James Callen
In one of his first cases after returning home to Youngstown, Ohio, antipoverty lawyer James Callen found himself dealing not only with his client’s official adversary but also with a corrupt political system dominated by the mob. Realizing that was the way things were done in Youngstown, Callen knew he either had to leave, or stay and fight. Twenty-five years later, James Callen is still fighting mob influence and trying to promote a culture of lawfulness in Youngstown.
The rackets flourished in post-war Youngstown, as mob families from Pittsburgh and Cleveland fought for control of the place that The Saturday Evening Post called “Crime Town, U.S.A.” Youngstown, it reported, “exemplifies the truism that rackets cannot survive without two basic conditions – the sanction of police and politicians and an apathetic public.”
By the 1980s, the steel mills, Youngstown’s major employers, had shut down and Jim Traficant, a swaggering, publicity-hungry politician with close ties to organized crime, was elected sheriff.
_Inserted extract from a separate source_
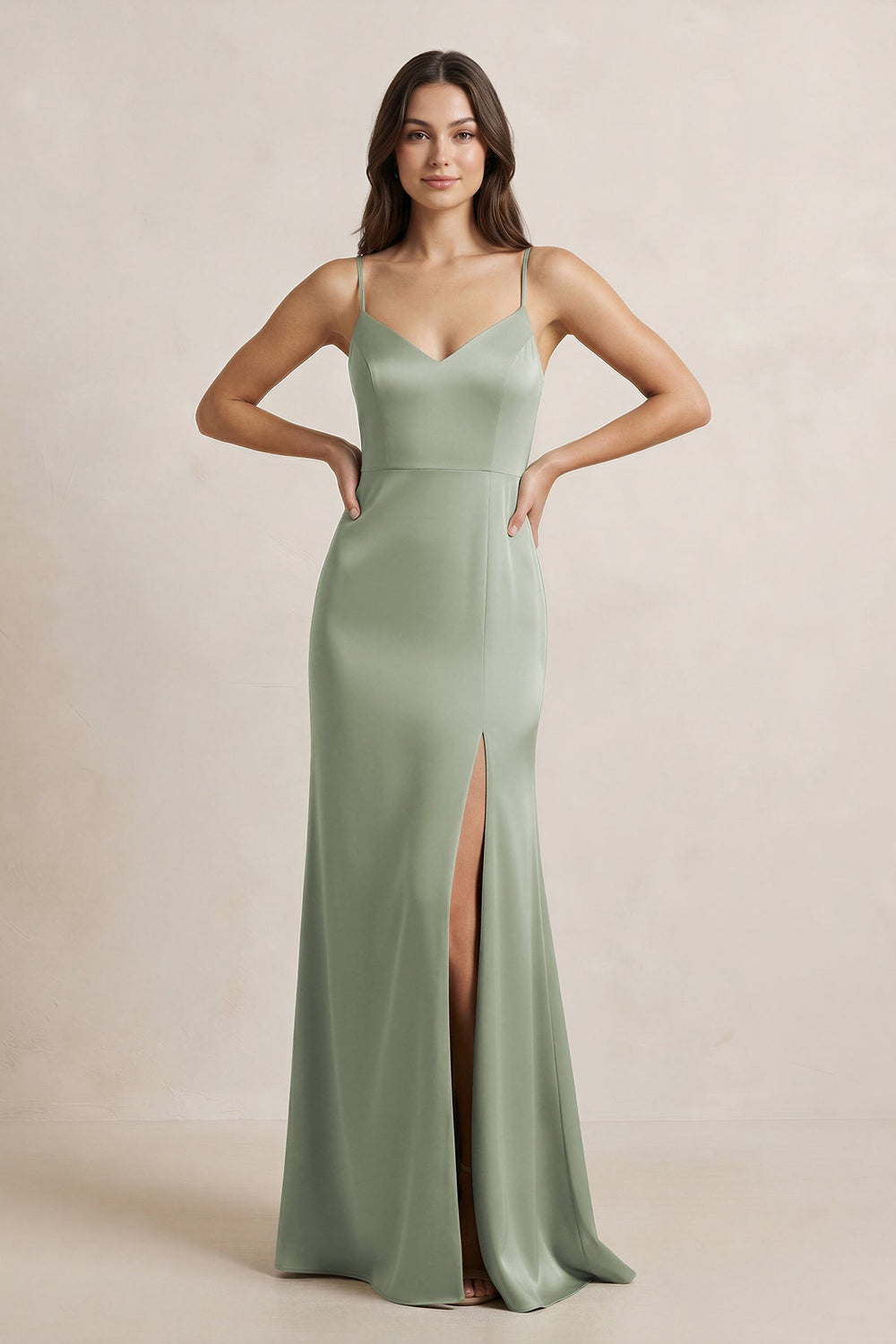 Spaghetti Strap Sheath Satin Bridesmaid Dress in Dove Gray - SHE IS ME Bridesmaid Dresses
Although he was caught on tape taking bribes from both the Cleveland and Pittsburgh organized crime factions, Traficant won an acquittal in 1982 and was elected to Congress in 1984.
Undaunted, Jim Callen was not about to live under mob rule. In 1982 he joined with a few allies to found The Citizens’ League of Greater Youngstown. Their plan was to use techniques of community organizing to break the mob’s grip on law enforcement, politics and commerce.
Jim and the League held public hearings to expose corruption, published evaluations of candidates for public office, testified before the U.S. Senate Permanent Subcommittee on Investigations and did everything they could to make the cozy relationships between gangsters and elected officials uncomfortable. For example, when Traficant joked on the Phil Donahue Show that he was still acting like he was the sheriff, Jim stood up in the audience and asked if that meant he was still taking money from the mob.
Finally, federal authorities launched a concerted campaign to clean up Youngstown. By 2001, 78 people had been convicted on federal corruption charges, including the county prosecutor, sheriff and engineer, four judges, Traficant’s top local aide and his former legal adviser, more than half a dozen attorneys and several prominent businessmen. One of the FBI agents in charge cites Jim Callen and the Citizens’ League as helping to create the climate that made people “willing to talk to us.”
For 20 years, Jim Callen and Jim Traficant were the main contenders in the battle for Youngstown’s future. Even though an Ohio jury convicted Traficant of corruption and tax evasion this spring, the battle is not over.